Le miracle de Vierves Le Miracle de Vierves

O h là là la boulette, François a renversé Gérard avec sa camionnette et tout porte à croire que ce dernier a passé l’arme à gauche ! Que vont penser Josiane et Monsieur le Maire ? Il faut dire que Gérard, c’est un peu l’attraction phare du village, des gens viennent de loin pour avoir une chance de l’apercevoir et ça fait marcher les commerces. Pire, la fête des Ramures est pour bientôt. Qu’est-ce qu’on va bien pouvoir proposer aux touristes, si la star de l’événement n’est pas présente ? Misère de misère, quelle sale bête. Ah oui, j’ai oublié de le préciser, Gérard est un cerf.

Entre racontar sentant bon les légendes vernaculaires chères au regretté René Hausman et les farces provinciales façon Pascal Rabaté, Le miracle de Vierves est le premier album plein de tendresse et d’humour d’Inne Haine, une jeune auteure flamande ne manquant ni d’esprit et ni de talent. Dans un écrin qui peut rappeler les peintures de Bruegel l'Ancien, elle a imaginé une histoire amusante comme toute, malgré des prémices sombres et violentes.
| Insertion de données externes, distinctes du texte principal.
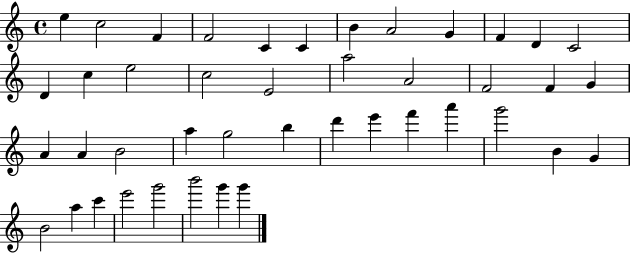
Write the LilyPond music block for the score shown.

{
  \clef treble
  \time 4/4
  \defaultTimeSignature
  \key c \major
  e''4 c''2 f'4 | f'2 c'4 c'4 | b'4 a'2 g'4 | f'4 d'4 c'2 | \break d'4 c''4 e''2 | c''2 e'2 | a''2 a'2 | f'2 f'4 g'4 | \break a'4 a'4 b'2 | a''4 g''2 b''4 | d'''4 e'''4 f'''4 a'''4 | g'''2 b'4 g'4 | \break b'2 a''4 c'''4 | e'''2 g'''2 | b'''2 g'''4 g'''4 | \bar "|."
}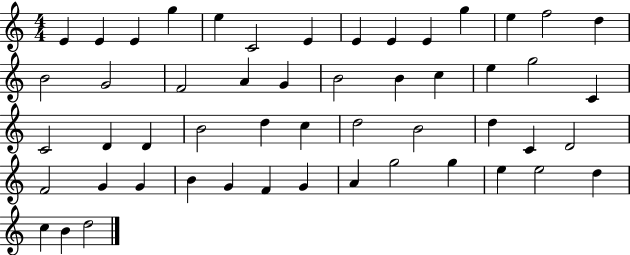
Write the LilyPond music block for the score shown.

{
  \clef treble
  \numericTimeSignature
  \time 4/4
  \key c \major
  e'4 e'4 e'4 g''4 | e''4 c'2 e'4 | e'4 e'4 e'4 g''4 | e''4 f''2 d''4 | \break b'2 g'2 | f'2 a'4 g'4 | b'2 b'4 c''4 | e''4 g''2 c'4 | \break c'2 d'4 d'4 | b'2 d''4 c''4 | d''2 b'2 | d''4 c'4 d'2 | \break f'2 g'4 g'4 | b'4 g'4 f'4 g'4 | a'4 g''2 g''4 | e''4 e''2 d''4 | \break c''4 b'4 d''2 | \bar "|."
}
Les uns cherchent à gruger quelques sous, d’autres pensent à la réputation du bourg et les jeunes, simplement à passer un peu de bon temps au fin fond de cette campagne perdue. Cette tragi-comédie ancrée dans les traditions et pleine d’humanité est racontée d’une manière originale et appliquée. Même si le jeu d’enchâssement temporel et onirique s’avère quelque peu nébuleux par moments, l’ensemble se révèle solidement construit et se parcourt avec le sourire aux lèvres, particulièrement grâce aux nombreuses situations rocambolesques et à la truculence des personnages.
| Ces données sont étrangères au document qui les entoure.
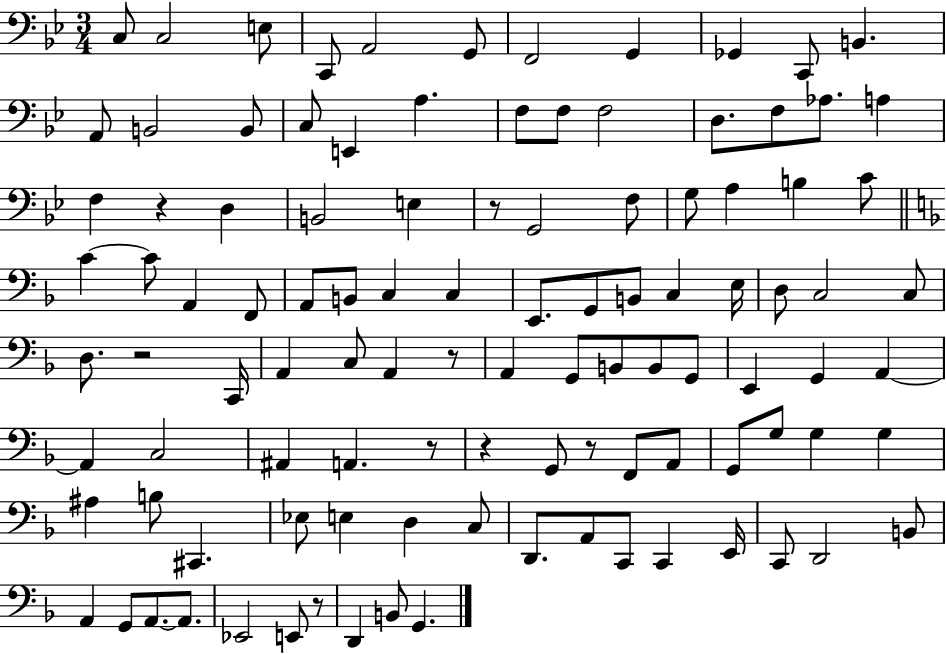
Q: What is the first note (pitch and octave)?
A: C3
Graphiquement, l’élégance et la simplicité dominent le travail de la dessinatrice. Le style, très typé « ligne claire », est parfaitement en place. Quasiment naïf, le trait aurait cependant peut-être gagné à être plus rugueux. En effet, tous les protagonistes, s’ils sont facilement reconnaissables, reposent trop sur un modèle identique, leurs grands yeux ébahis manquant parfois de nuance et de férocité. La mise en scène est précise et diligente, mais, là aussi, presque trop sage. De plus, si les nombreux « trucs » et autres cassures dans le découpage sont comiques, leur répétition se montre un peu gratuite au niveau de la narration. Heureusement, l’artiste se rattrape avec une excellente mise en couleurs aux teintes chaudes et pleines de textures.

Malgré quelques (tout) petits défauts propres aux premières œuvres, Le miracle de Vierves devrait parler à tous les amateurs de conte d’antan et de développement économique des régions rurales.